Tapsoba Jean de Dieu, Kooperberg Charles, Reiner Alexander, Wang Ching-Yun, Dai James Y
Am J Epidemiol. 2014 May 15;179(10):1264-72. doi: 10.1093/aje/kwu039. Epub 2014 Apr 9.
Secondary trait genetic association provides insight into the genetic architecture of disease etiology but requires caution in estimation. Ignoring case-control sampling may introduce bias into secondary trait association. In this paper, we compare the efficiency and robustness of various inverse probability weighted (IPW) estimators and maximum likelihood (ML) estimators. ML methods have been proposed but require correct modeling of both the secondary and the primary trait associations for valid inference. We show that ML methods using a misspecified primary trait model can severely inflate the type I error. IPW estimators are typically less efficient than ML estimators but are robust against model misspecification. When the secondary trait is available for the entire cohort, the IPW estimator with selection probabilities estimated nonparametrically and the augmented IPW estimator improve efficiency over the simple IPW estimator. We conclude that in large genetic association studies with complex sampling schemes, IPW-based estimators offer flexibility and robustness, and therefore are a viable option for analysis.
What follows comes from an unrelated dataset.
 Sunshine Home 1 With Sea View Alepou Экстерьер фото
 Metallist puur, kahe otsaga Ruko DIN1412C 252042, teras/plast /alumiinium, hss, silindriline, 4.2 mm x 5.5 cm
次要性状基因关联为疾病病因的遗传结构提供了见解,但在估计时需要谨慎。忽略病例对照抽样可能会给次要性状关联带来偏差。在本文中,我们比较了各种逆概率加权(IPW)估计器和最大似然(ML)估计器的效率和稳健性。已经提出了ML方法,但为了进行有效的推断,需要对次要性状和主要性状关联进行正确建模。我们表明,使用错误指定的主要性状模型的ML方法会严重夸大I型错误。IPW估计器通常比ML估计器效率低,但对模型错误指定具有稳健性。当次要性状适用于整个队列时,非参数估计选择概率的IPW估计器和增强IPW估计器比简单IPW估计器提高了效率。我们得出结论,在具有复杂抽样方案的大型基因关联研究中,基于IPW的估计器具有灵活性和稳健性,因此是一种可行的分析选择。